ParseXML

Learn about the ParseXML OTTL converter function.

The ParseXML converter parses an XML string into structured data. Unlike ParseSimplifiedXML it maintains the entire structure of the XML document, including attributes, content within tags, and the hierarchy of elements.

Syntax: ParseXML(value)

  • value: the bracket notation location of the XML string to parse

Input

{
	"_type": "log",
	"timestamp": 1734571176415,
	"body": "<log type=\"access\"><!-- Log entry for a web request --><details><host>172.17.15.39</host><userIdentifier>68b148de-7ce3-423c-b72d-64a4f21ecfc0</userIdentifier><timeLocal>2024-12-15T22:40:53.723160Z</timeLocal></details><requestInfo><method>POST</method><request>/styles/main.css</request><protocol>HTTP/2</protocol></requestInfo><response><status>403</status><bytesSent>1043</bytesSent></response><message>This is a sample log entry</message></log>",
	"resource": {...},
	"attributes": {
		"decoded_body": "<log type=\"access\"><!-- Log entry for a web request --><details><host>172.17.15.39</host><userIdentifier>68b148de-7ce3-423c-b72d-64a4f21ecfc0</userIdentifier><timeLocal>2024-12-15T22:40:53.723160Z</timeLocal></details><requestInfo><method>POST</method><request>/styles/main.css</request><protocol>HTTP/2</protocol></requestInfo><response><status>403</status><bytesSent>1043</bytesSent></response><message>This is a sample log entry</message></log>"
	}
}

Statement

set(attributes["map"], ParseXML(attributes["decoded_body"]))

Output

{
	"_type": "log",
	"timestamp": 1734571204472,
	"body": "<log type=\"access\"><!-- Log entry for a web request --><details><host>172.17.15.39</host><userIdentifier>68b148de-7ce3-423c-b72d-64a4f21ecfc0</userIdentifier><timeLocal>2024-12-15T22:40:53.723160Z</timeLocal></details><requestInfo><method>POST</method><request>/styles/main.css</request><protocol>HTTP/2</protocol></requestInfo><response><status>403</status><bytesSent>1043</bytesSent></response><message>This is a sample log entry</message></log>",
	"resource": {...},
	"attributes": {
		"decoded_body": "<log type=\"access\"><!-- Log entry for a web request --><details><host>172.17.15.39</host><userIdentifier>68b148de-7ce3-423c-b72d-64a4f21ecfc0</userIdentifier><timeLocal>2024-12-15T22:40:53.723160Z</timeLocal></details><requestInfo><method>POST</method><request>/styles/main.css</request><protocol>HTTP/2</protocol></requestInfo><response><status>403</status><bytesSent>1043</bytesSent></response><message>This is a sample log entry</message></log>",
		"map": {
			"attributes": {
				"type": "access"
			},
			"children": [
				{
					"children": [
						{
							"content": "172.17.15.39",
							"tag": "host"
						},
						{
							"content": "68b148de-7ce3-423c-b72d-64a4f21ecfc0",
							"tag": "userIdentifier"
						},
						{
							"content": "2024-12-15T22:40:53.723160Z",
							"tag": "timeLocal"
						}
					],
					"tag": "details"
				},
				{
					"children": [
						{
							"content": "POST",
							"tag": "method"
						},
						{
							"content": "/styles/main.css",
							"tag": "request"
						},
						{
							"content": "HTTP/2",
							"tag": "protocol"
						}
					],
					"tag": "requestInfo"
				},
				{
					"children": [
						{
							"content": "403",
							"tag": "status"
						},
						{
							"content": "1043",
							"tag": "bytesSent"
						}
					],
					"tag": "response"
				},
				{
					"content": "This is a sample log entry",
					"tag": "message"
				}
			],
			"tag": "log"
		}
	}
}

The ParseXML function processed decoded_body and mapped its structure into a JSON-compatible hierarchical object.

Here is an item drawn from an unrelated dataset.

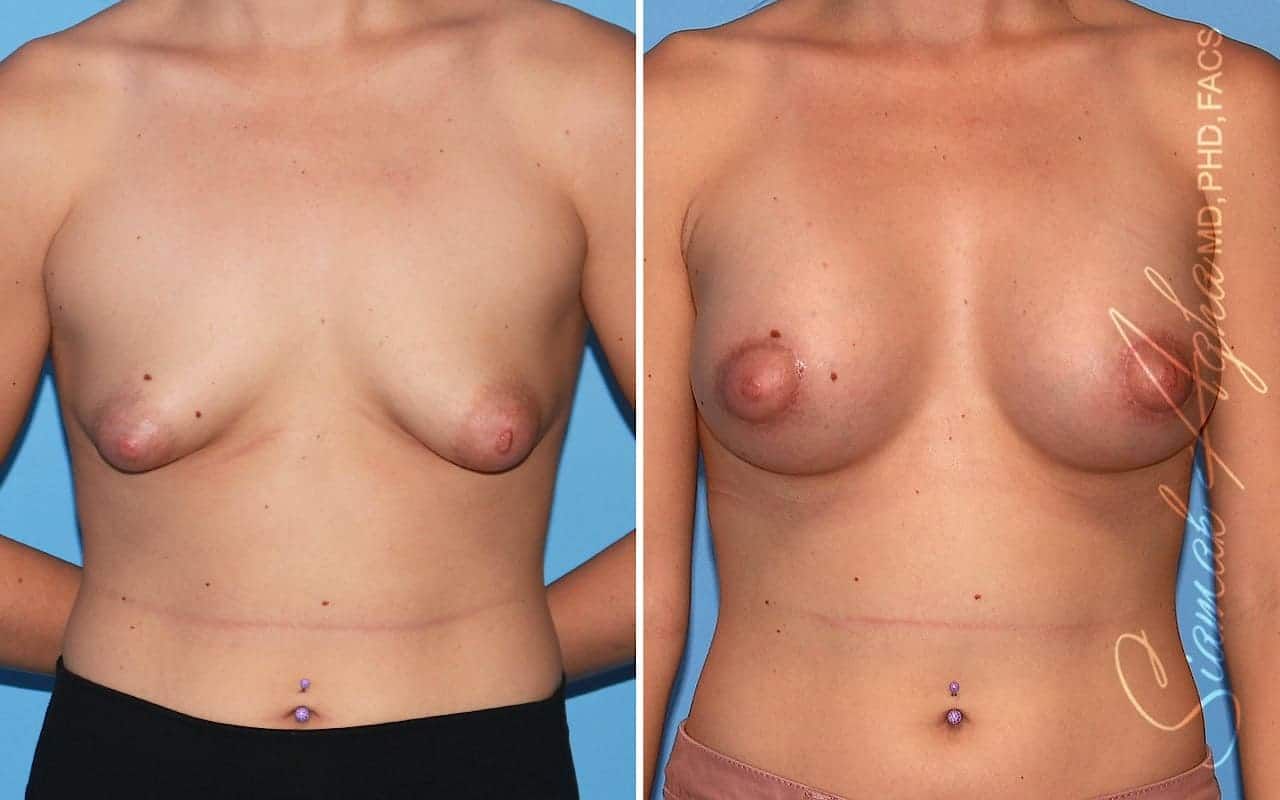 Tubular Breast Correction Before & After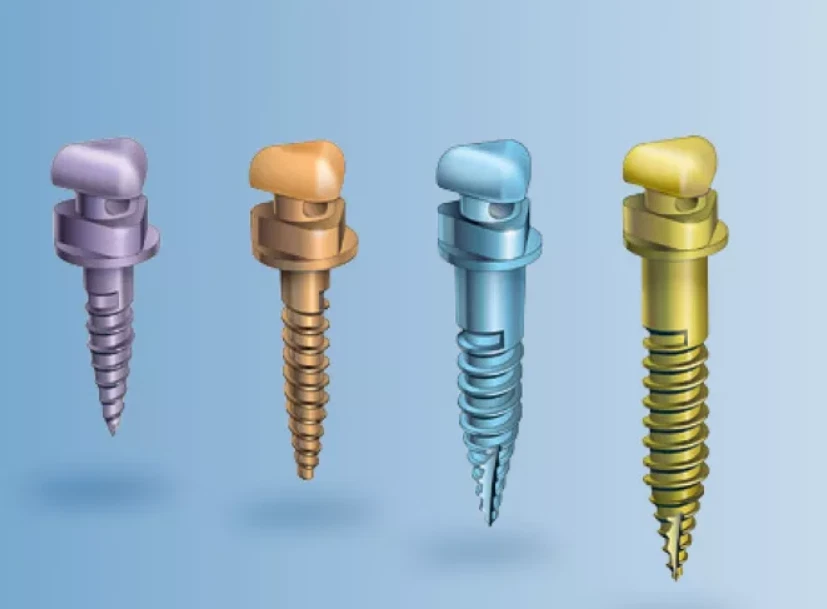 Ormco VectorTAS 12MM/10MM/8MM/6MM MINI-TORNILLO-PK6 Foto 2 de 2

Attributes, such as type="access", were extracted and stored in an attributes dictionary for the corresponding tag. Content within tags, like "172.17.15.39" in <host>, was placed under a content key for each tag object. Comments, such as Log entry for a web request, are ignored. The nested XML structure was reflected as nested children arrays, preserving the hierarchy of elements like <details>, <requestInfo>, and <response>. Each tag was identified by its tag key, with its immediate children listed under children.